India is currently negotiating comprehensive economic cooperation agreements with ASEAN and with Singapore, as also with MERCOSUR (a Spanish acronym for Common Market of the South involving Brazil, Argentina, Uruguay and Paraguay). India is also talking to SACU a grouping of five southern African countries led by South Africa. The Framework Agreement between Bangladesh, India, Myanmar, Sri Lanka and Thailand is called BIMST-EC. It is visualized as a bridging link between two major regional groupings i.e. ASEAN and SAARC. Recently, India has signed an Early Harvest Programme as the first step towards establishing a free trade area between India and Thailand. Joint Study Groups with Pakistan, Israel and the Gulf Countries have also been established.
India must use FTAs to its advantage, Shri Kamal Nath said, adding that it was well recognized that progressive liberalisation in bilateral and regional spheres built the necessary confidence in domestic industries and made them globally competitive. "Of course, at every step Government will be in close contact with industry on these matters. FTAs may be signed by Governments, but it is businesses and industries that give them life. An FTA that is not owned by industry is not worth the paper it is written on", he said.
The Minister also said that efforts were now underway to transform the SAARC Preferential Trade Area (SAPTA) into a full-fledged FTA to be called SAFTA effective from 1st January, 2006 and it was for this reason he travelled to Pakistan last month.
Emphasising that creating regional economic spaces would not detract from Indias overall objectives at the multilateral level, Shri Kamal Nath stressed that these regional trade agreements (RTAs) rather supplemented and complemented the multilateral trading order. "The recently concluded Framework Agreement of the WTO has laid down the principles and criteria for the more detailed, specific modalities that have to be negotiated.

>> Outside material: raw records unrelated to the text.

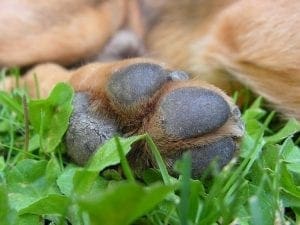 Dog Paws Fungus or Cracking Remedy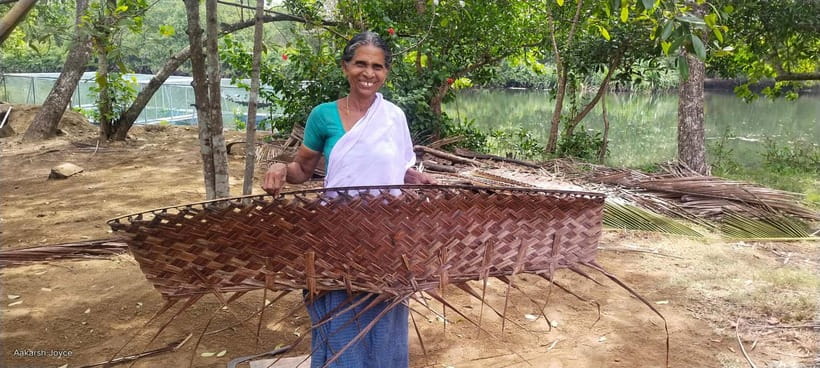 Kochi: Backwater Exploration in Village: Free Pickup & Drop - Bamboo-Pole Shikara Time: How the Cruise Feels From Start to Finish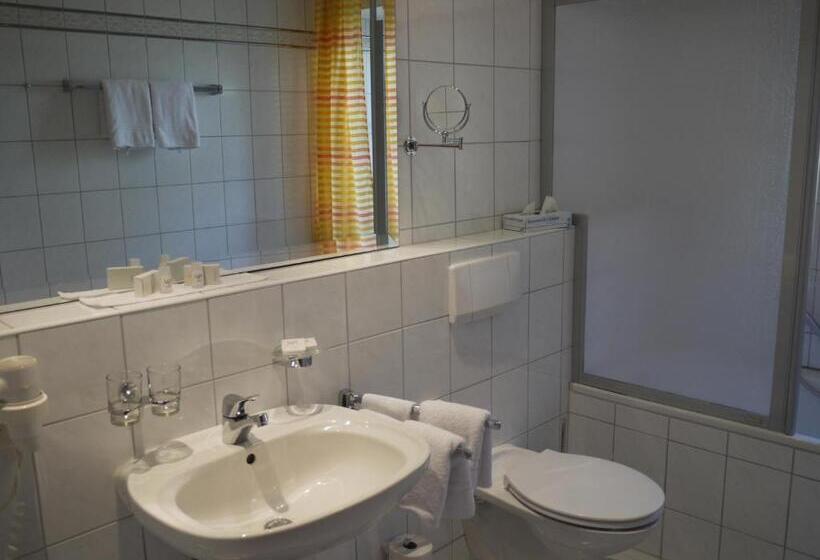 Номер Стандарт, Aparthotel Fackler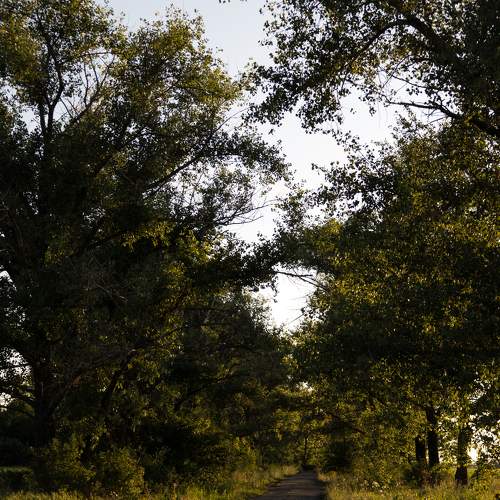 Photo #11250981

It is our hope that this will be completed by December 2005, when the next Ministerial will take place in Hong Kong. But this need not be so. The Uruguay Round took 8 years to negotiate. The Doha Round has already taken 4. When the WTO process reaches its final culmination, perhaps in the next 15 years or so, regional FTAs would become redundant. But that is a long way off", the Minister remarked.